_What is needed_
Every line of the listing below is to be duplicated exactly, with the pictures left out.

_Dataset section_
=====

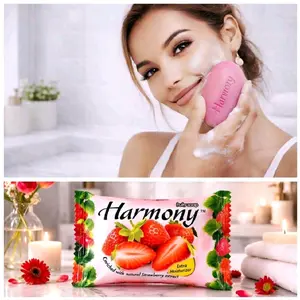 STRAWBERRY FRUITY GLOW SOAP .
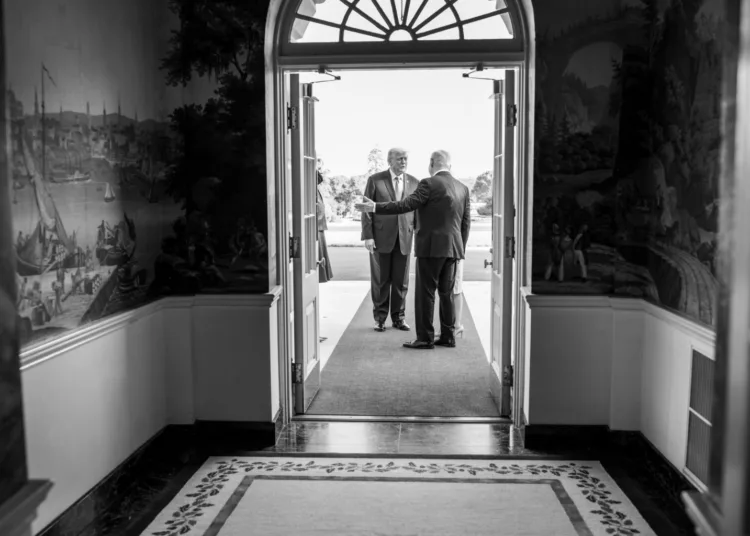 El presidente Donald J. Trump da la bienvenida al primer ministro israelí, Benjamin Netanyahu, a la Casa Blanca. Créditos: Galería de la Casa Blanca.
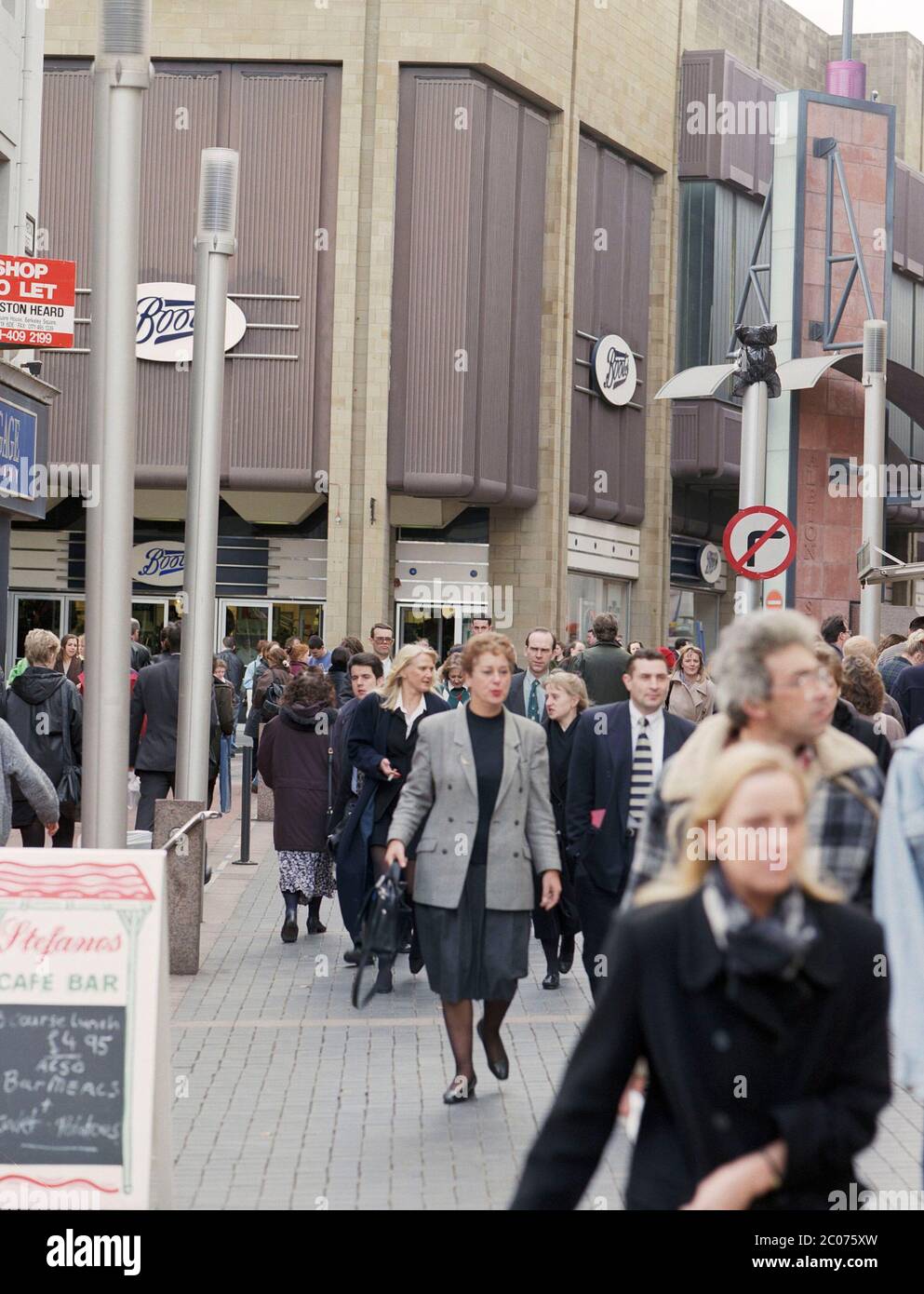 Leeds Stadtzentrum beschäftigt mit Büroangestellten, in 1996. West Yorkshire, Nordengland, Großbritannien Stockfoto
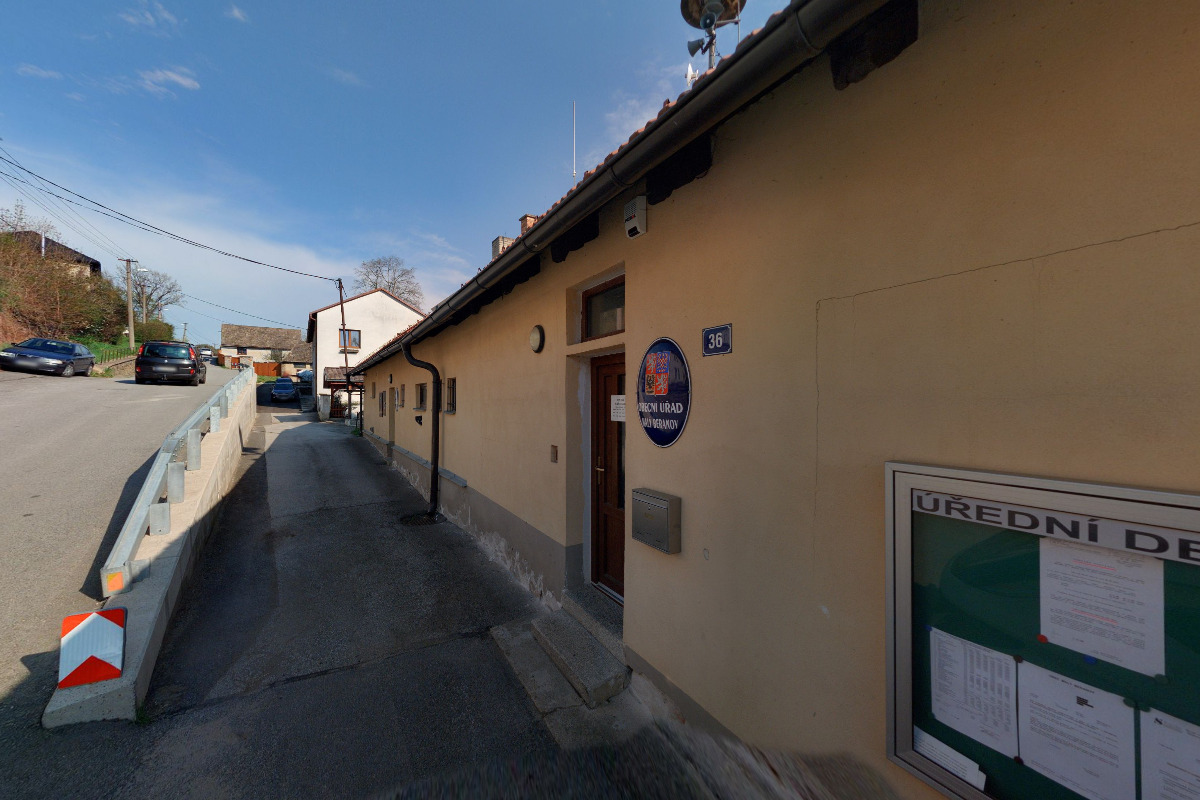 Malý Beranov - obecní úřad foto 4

=====

_Result for this exercise_
 STRAWBERRY FRUITY GLOW SOAP .
 El presidente Donald J. Trump da la bienvenida al primer ministro israelí, Benjamin Netanyahu, a la Casa Blanca. Créditos: Galería de la Casa Blanca.
 Leeds Stadtzentrum beschäftigt mit Büroangestellten, in 1996. West Yorkshire, Nordengland, Großbritannien Stockfoto
 Malý Beranov - obecní úřad foto 4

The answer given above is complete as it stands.